Mumbai’s Marine Drive, a C-shaped six-lane road along the coast, is called the Queen’s Necklace for the same reason.
“We have mega plans for Marine Drive’s beautification and putting up LED lights is one of them. Once street lights start glowing at night, it will make the stretch look like Queen’s Necklace just like Mumbai’s Marine Drive. Motorists and commuters will surely cherish the sight,” Tata Steel spokesperson Ashish Kumar told The Telegraph.
Other plans include planting flowering plants on the median and trees on the river’s flanks, precast concrete chairs on the banks for people to relax while basking in the beauty of the natural scenery. Tata Steel has also taken into consideration the issue of encroachments on the riverbank while carrying out road construction and has gone for elaborate stone pitching.

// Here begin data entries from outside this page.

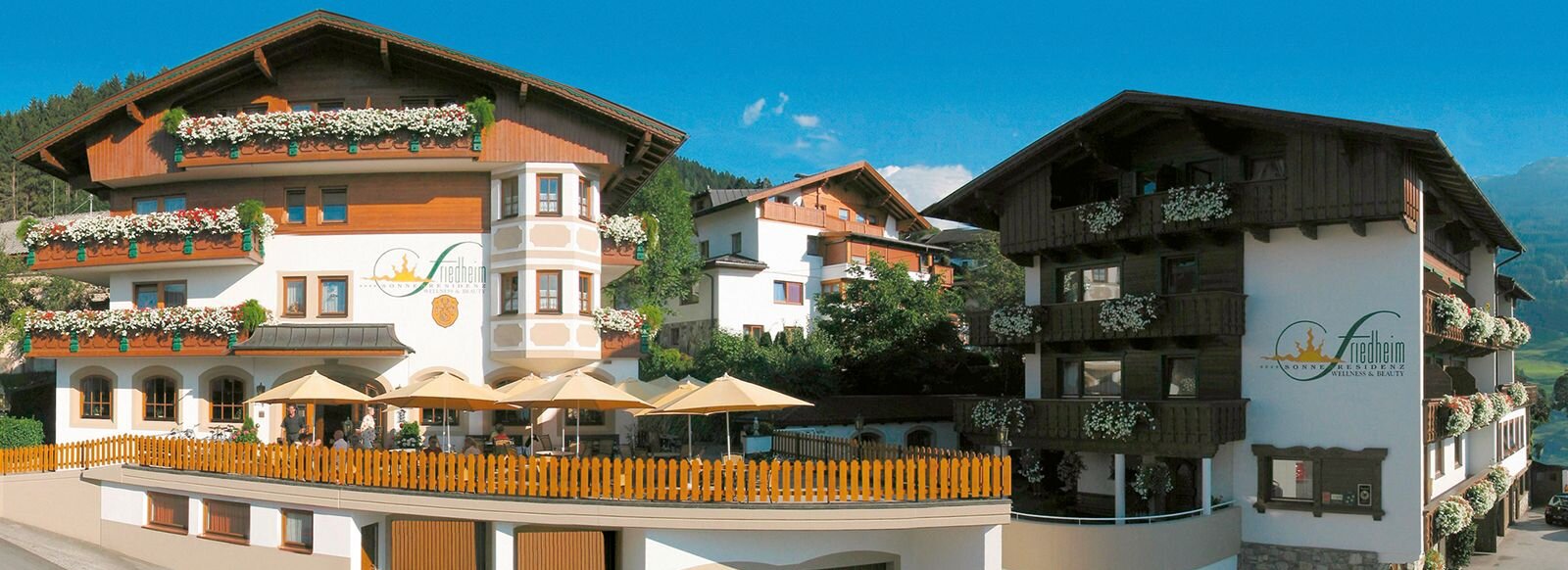 Blick auf das Hotel von Außen.
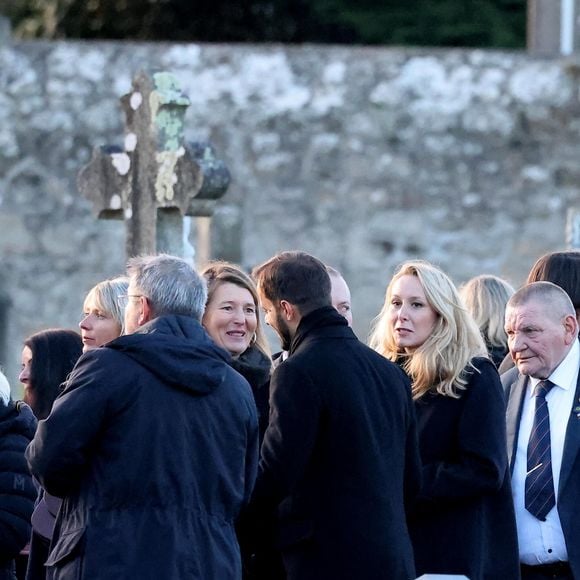 Bien sûr, son mari Vincenzo Sofo était bien là 
Marion Marechal et son mari Vincenzo Sofo - Le clan Le Pen se rend au cimetière de la Trinité-sur-Mer après les obsèques de Jean-Marie Le Pen en l'église Saint-Joseph le 11 janvier 2025
Dominique Jacovides / Guillaume Collet / Bestimage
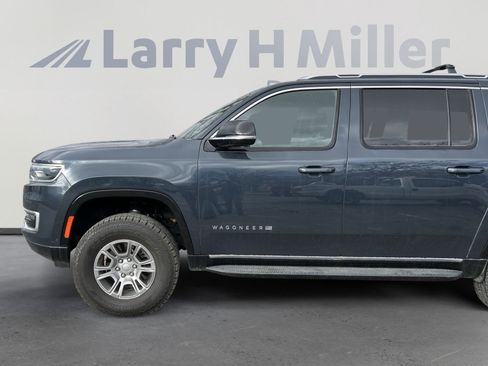 Used 2023 Jeep Wagoneer L 4WD image 10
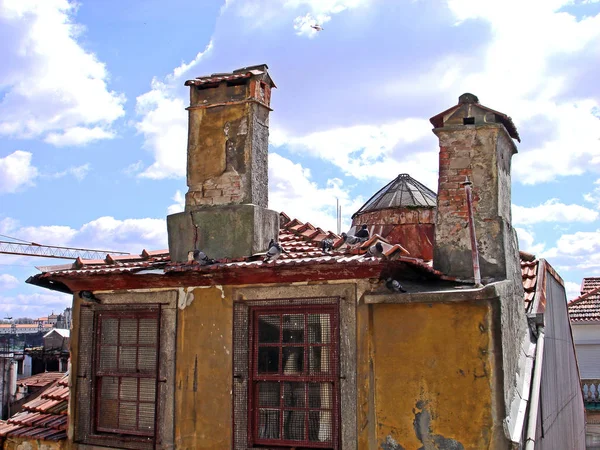 Lisboa Portugal Agosto 2017 Casas Típicas Mal Estado Los Barrios — Foto de Stock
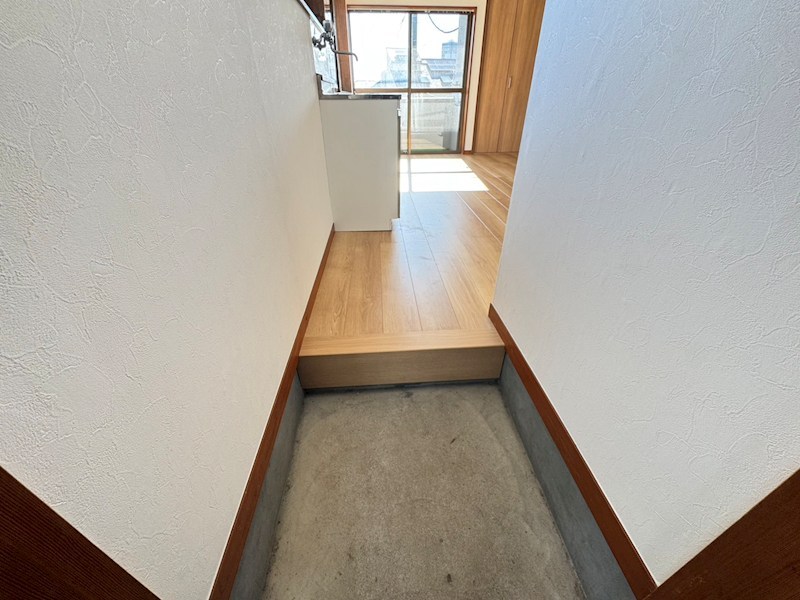 メゾンアザレ 玄関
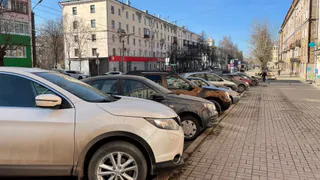 «Люди прозрели»: менеджер трейд-ина о шквале сдачи почти новых «Лад» - вот главная причина
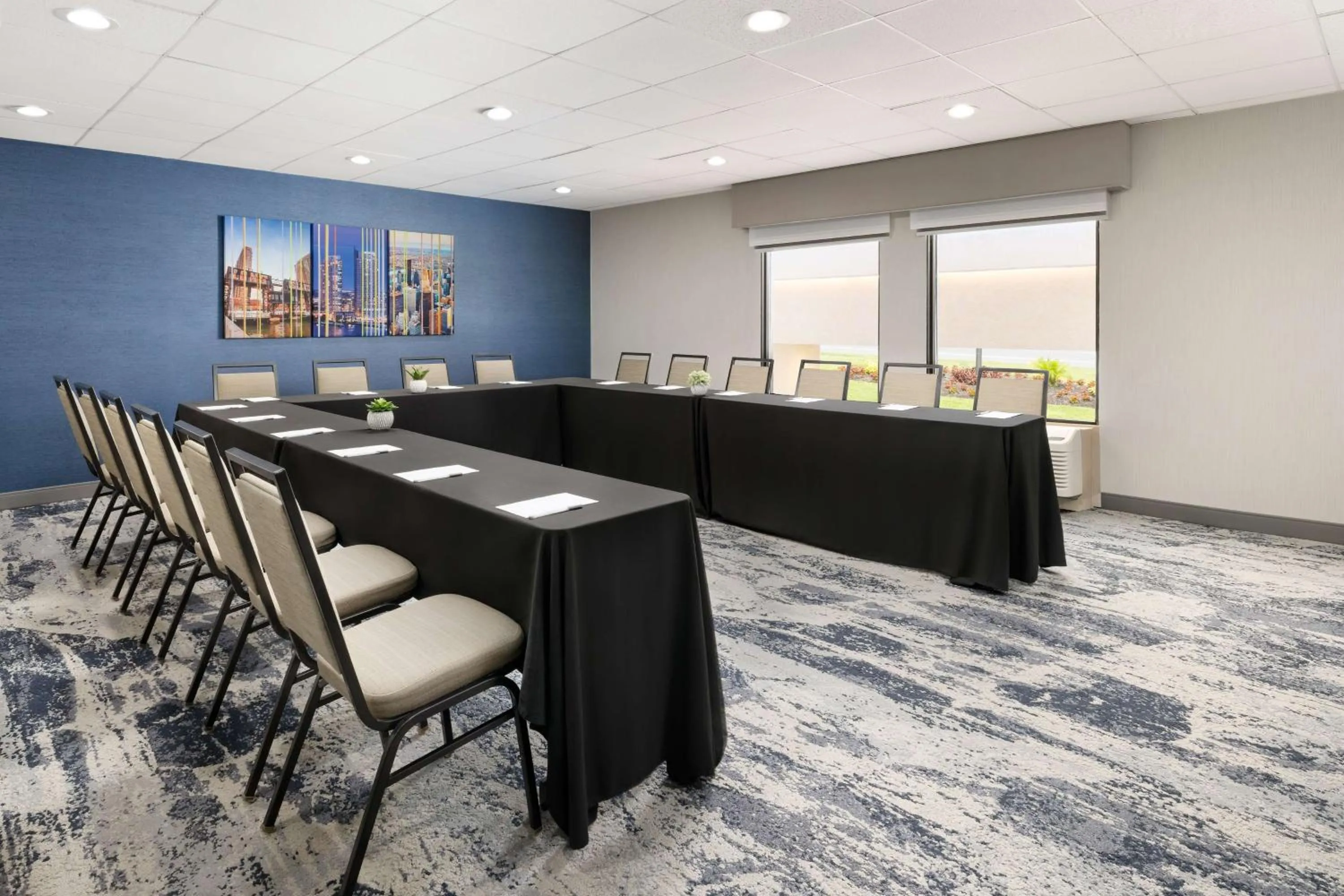 Meeting/conference room in Hampton Inn Long Island/Islandia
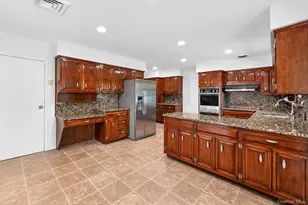 12 Arleigh Rd, Great Neck, NY 11021 - Photo 12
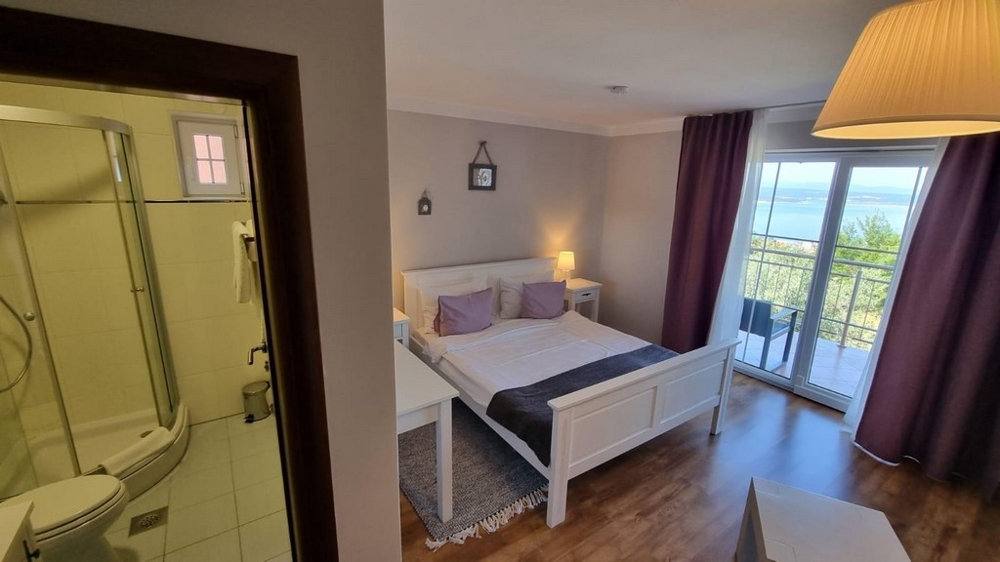 Ložnice s vlastní koupelnou - nemovitost A3766 v Chorvatsku.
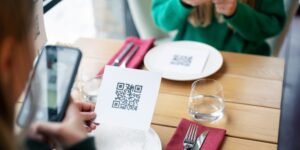 Top 10 Essential Types of Restaurant Technology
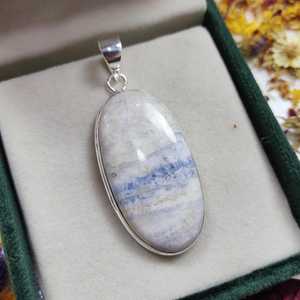 Pendentif ovale en schéelite vintage fait main NIKHIL GEMS, serti en argent sterling 925, certifié par un tiers - Product Image 3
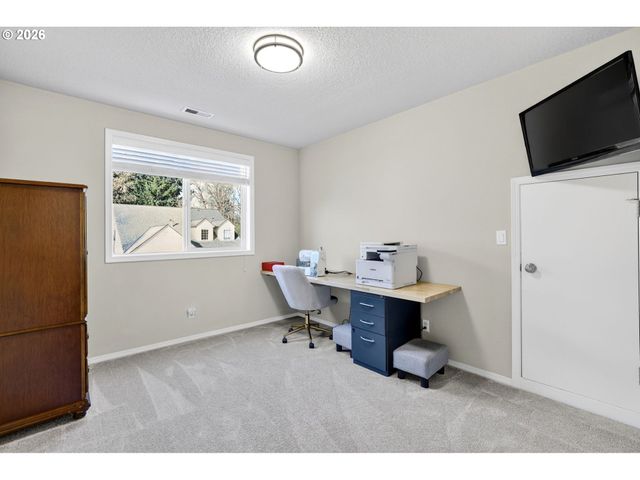 2676 Ne CHARLOIS Dr, Hillsboro, OR 97124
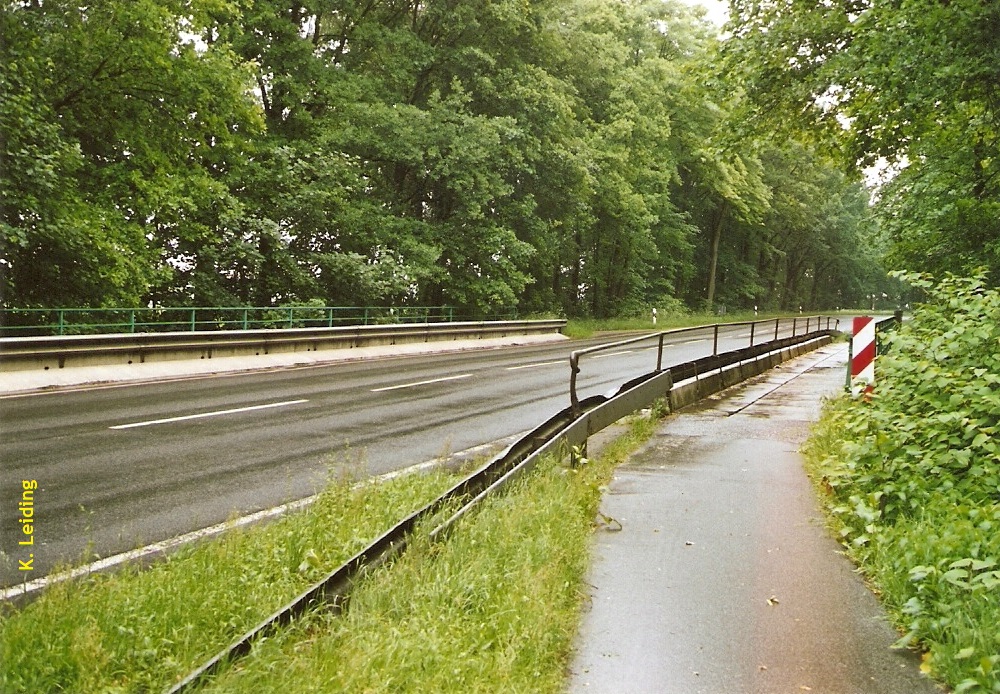 Brücke der B 75 bei *Trelde-1.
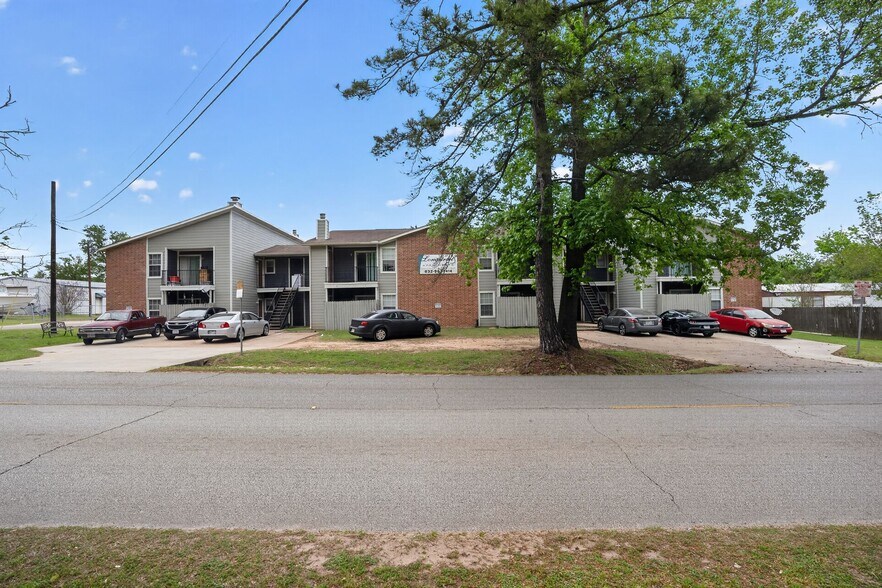214 Longstreet Rd, Willis, TX à vendre - Photo de l’immeuble – Image 3 sur 25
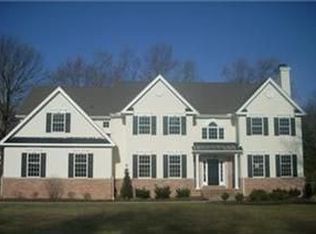 16 Pineview Dr, Media, PA 19063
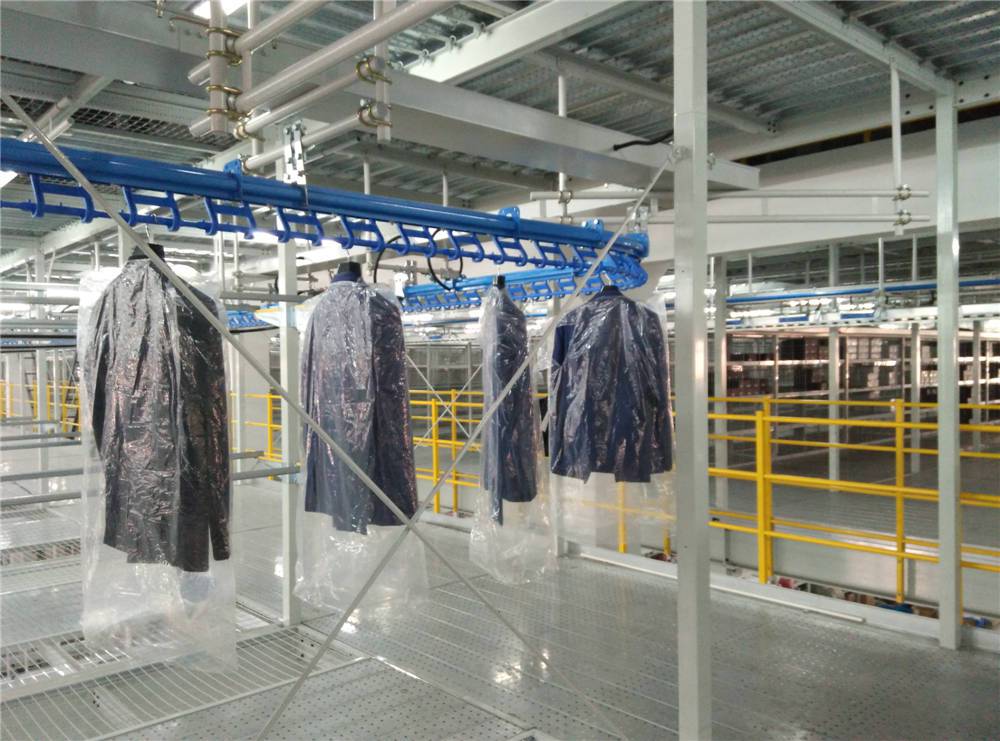 苏州智能工厂升级服装业成衣入库效率——苏州秦出自动化引领批发新趋势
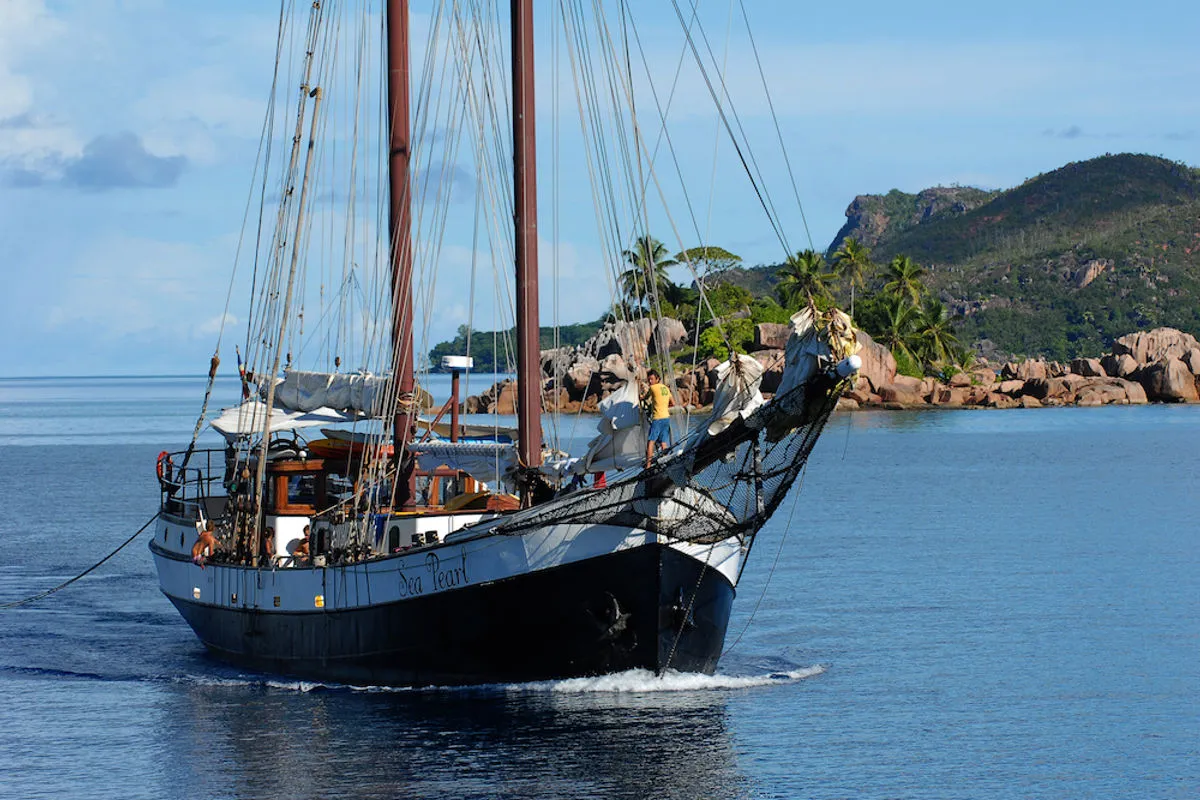 Sea Pearl bow on, the vessel's name lettered on the bow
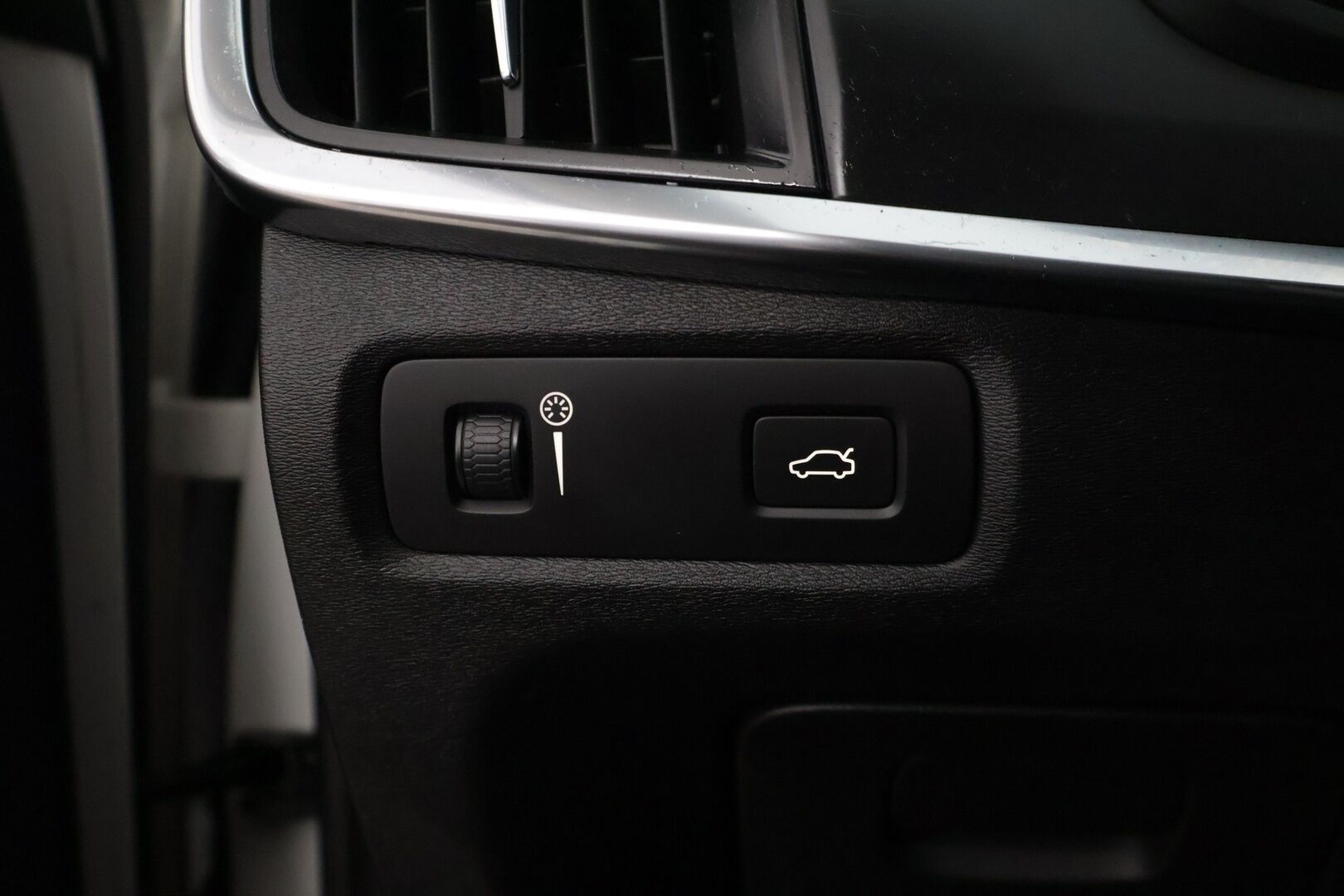 Volvo V90 2017 D3 Momentum aut * Adapt. Cruise / LED / S.Koukku / Webasto / Tutkat * - *Jakohinha vaihdettu 12/25 / 2x Uudet renkaat Volvon alu vanteilla / Juuri katsastettu / Uusi Tuulilasi / Ei ole AdBlue järjestelmää * - HULLUT JOULUT KORKOTARJOUS 2,49%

“This has been done in strict adherence to environmental norms as per the suggestions of Jharkhand State Pollution Control Board. This is an innovative plan to prevent soil erosion and river encroachment. All along the banks, stone boulders have been placed from the river bed. The outer edge of the stone boulders has been pitched with concrete in the shape of stairs having a width of two feet,” said a senior official.
Crash barriers are also being erected to prevent passing vehicles from falling into the river.
“Right now, we are focusing on the beautification drive as road construction work cannot be carried out because of the rains. We expect the monsoon to take leave from September after which road construction would resume,” the official said.
Marine Drive, part of Tata Steel’s western corridor project, was planned to keep heavy vehicles off city roads. Construction started in June 2012 and was scheduled to end by June 2014. But encroachments on Kadma side held up work.